◆ **Problem to solve**
A word-for-word copy of the data, pictures excluded, is what this task asks for.

◆ **Dataset section**

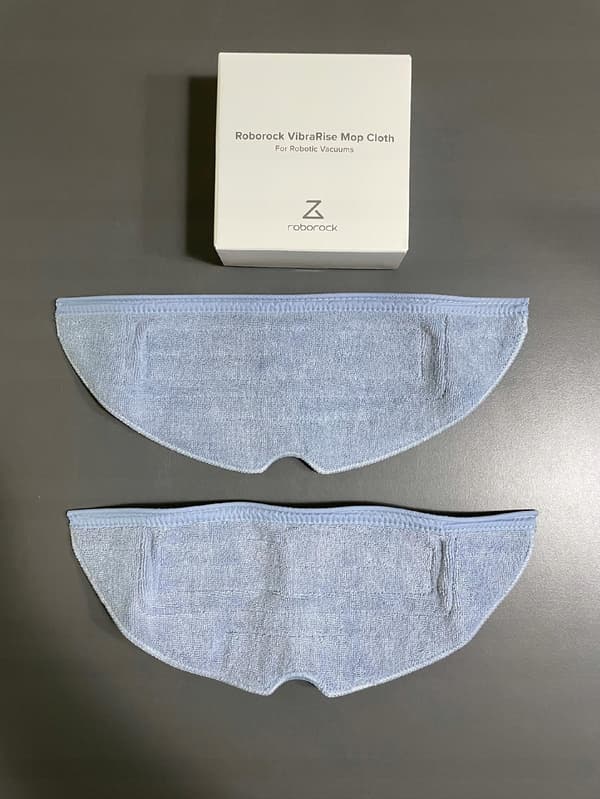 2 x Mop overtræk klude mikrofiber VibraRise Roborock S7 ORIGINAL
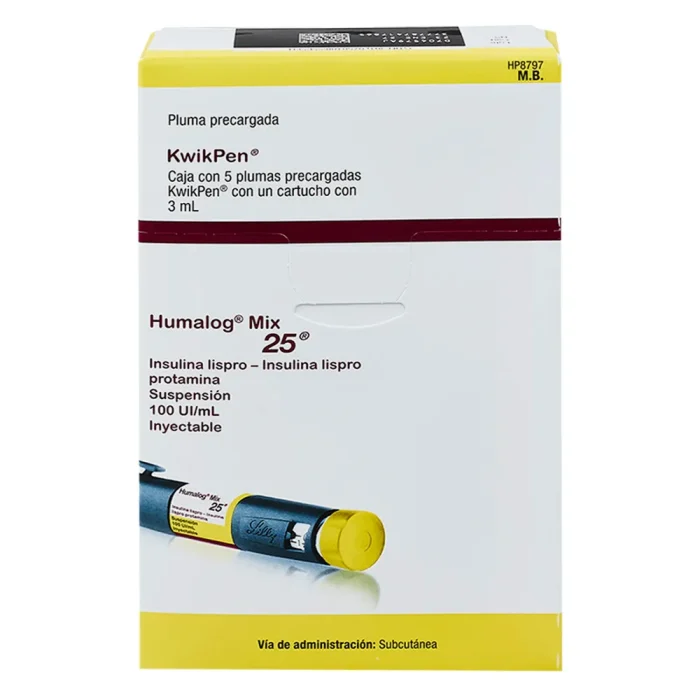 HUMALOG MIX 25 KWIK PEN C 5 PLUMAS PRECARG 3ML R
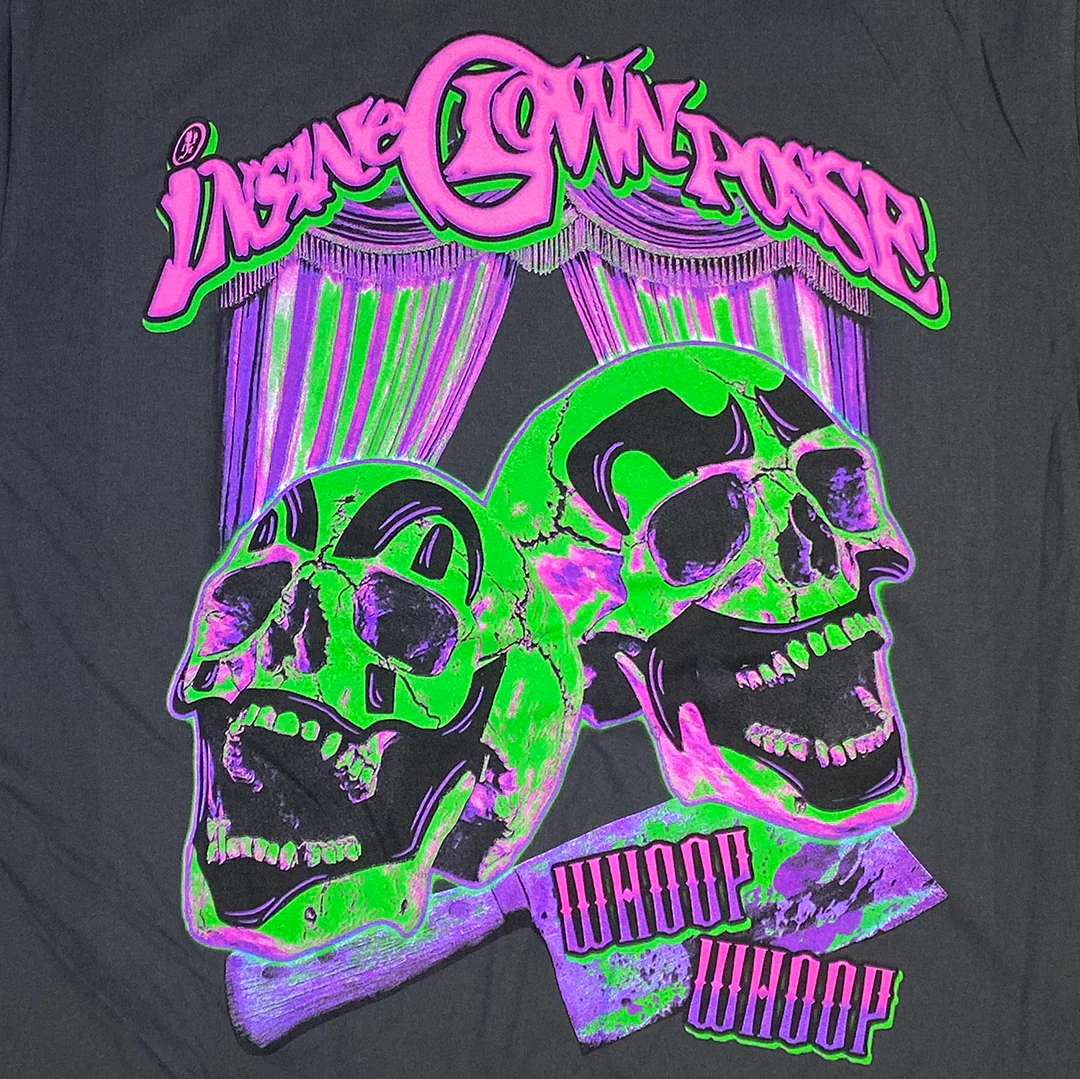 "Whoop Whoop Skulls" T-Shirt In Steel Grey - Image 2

◆ **Response to this task**
 2 x Mop overtræk klude mikrofiber VibraRise Roborock S7 ORIGINAL
 HUMALOG MIX 25 KWIK PEN C 5 PLUMAS PRECARG 3ML R
 "Whoop Whoop Skulls" T-Shirt In Steel Grey - Image 2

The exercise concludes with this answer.